Russia has been amassing troops at Ukraine’s borders for months, sparking fears that it may be preparing a full-scale invasion of its neighbour. Moscow has denied that it plans to invade, insisting that it has legitimate security grievances relating to Kyiv’s deepening alliance with the West – and demanding guarantees that Ukraine will not be allowed to join NATO.

Numerous rounds of talks between Russian, European and American officials have failed to defuse the tensions. On Tuesday, US Secretary of State Antony Blinken cancelled a meeting with his Russian counterpart Sergey Lavrov, which was set to take place in Geneva later this week.

Meanwhile, the autonomy or independence of the eastern Ukrainian regions, where Russia-backed separatists have been battling government forces since 2014, is a separate – but not unrelated – issue.

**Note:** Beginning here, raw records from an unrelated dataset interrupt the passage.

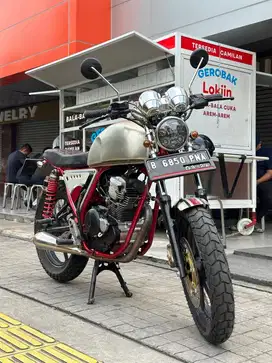 Yamaha Scorpio Custom 2005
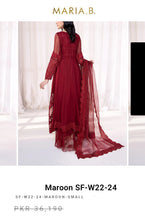 Load image into Gallery viewer, Mariab Patch Pearl Embellished
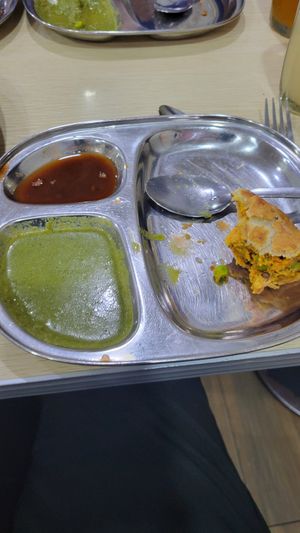  at Veg Chat in Kuala Lumpur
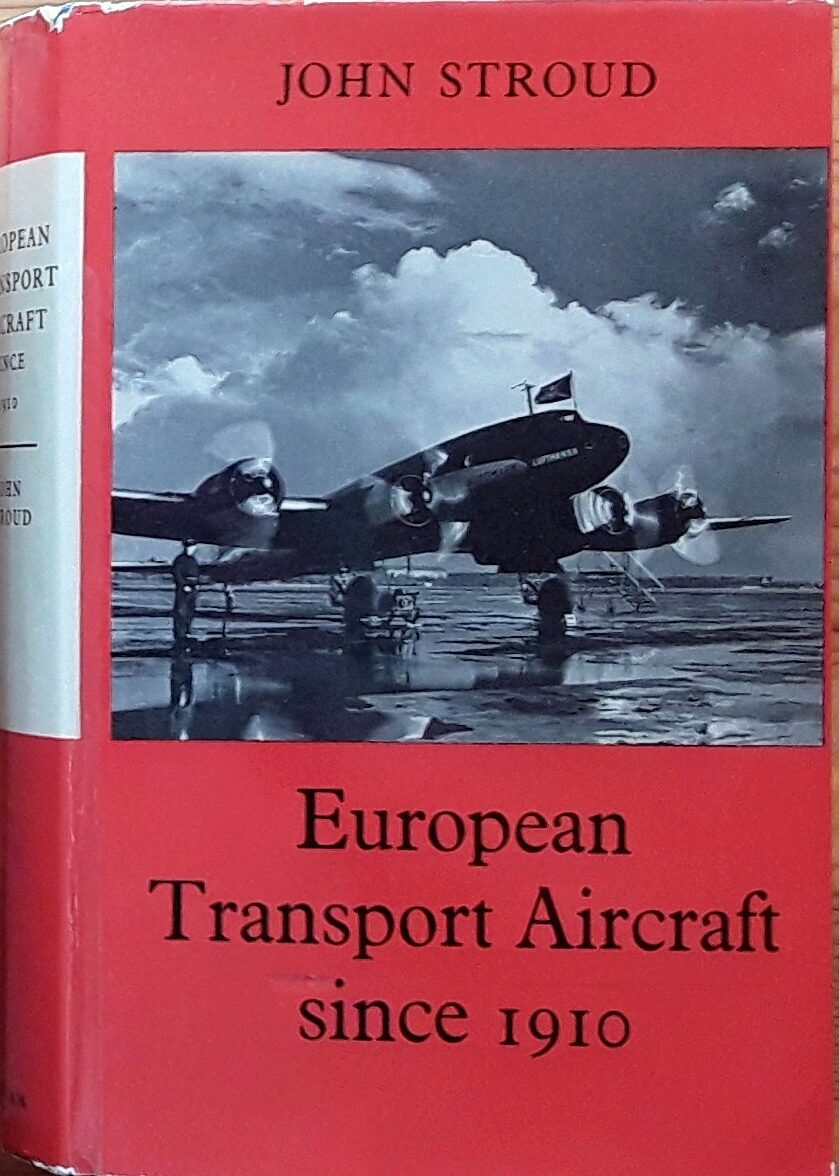 Buch B-2673 European Transport Aircraft since 1910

The violence previously had been handled through the Minsk Agreements and talks involving Moscow, Kyiv, Paris and Berlin.

While analysts see some legitimacy in Russia’s concern about NATO’s eastwards expansion into former Soviet republics, they say an invasion of Ukraine is illegal and cannot be justified under international law. Moreover, Ukrainian officials say Putin’s recognition of Donetsk and Luhansk as independent effectively killed the Minsk Agreements that aimed to end the fighting.

But in a speech on Monday, Putin voiced grievances that went well beyond NATO or eastern Ukraine. The Russian president went as far as questioning Ukraine’s right to exist as an independent state.

Melvyn Levitsky, professor of international policy at the University of Michigan, said Putin has put his country in an “untenable position”.

“An invasion would put Russia in the position of an outlaw or rogue country, rather than restore Russia’s position as a world leader,” Levitsky, a former career diplomat, told Al Jazeera in an email on Monday.

For now, Biden has promised to defend NATO countries with which the United States has a collective defence pact under Article 5 of the alliance. But Ukraine is not a NATO member, so US and European leaders have only threatened Russia with sanctions and isolation to dissuade it from invading.

On Tuesday, Germany halted the approval of Nord Stream 2, the Russian-owned $11bn gas pipeline across the Baltic Sea – a move that was lauded by Biden. But some US lawmakers want the project permanently scrapped – not just suspended. The US announced its own sanctions against the pipeline on Wednesday.


On Monday, former US ambassador to Ukraine John Herbst called Russia’s recognition of the independence of the two Ukrainian breakaway regions a “major escalation”, urging the Biden administration to start imposing serious sanctions on Moscow.

Herbst, who now serves as senior director of the Atlantic Council’s Eurasia Center, told Al Jazeera at that time that if Washington does not start unrolling tough sanctions, it would be making the “same mistake” as in 2014, when Putin annexed Ukraine’s Crimean Peninsula.

“The question now is whether this is simply the latest escalation in a crisis that’s going to end soon, or if this is an escalation, which would be followed by more provocative actions. And we don’t know the answer to that,” Herbst said.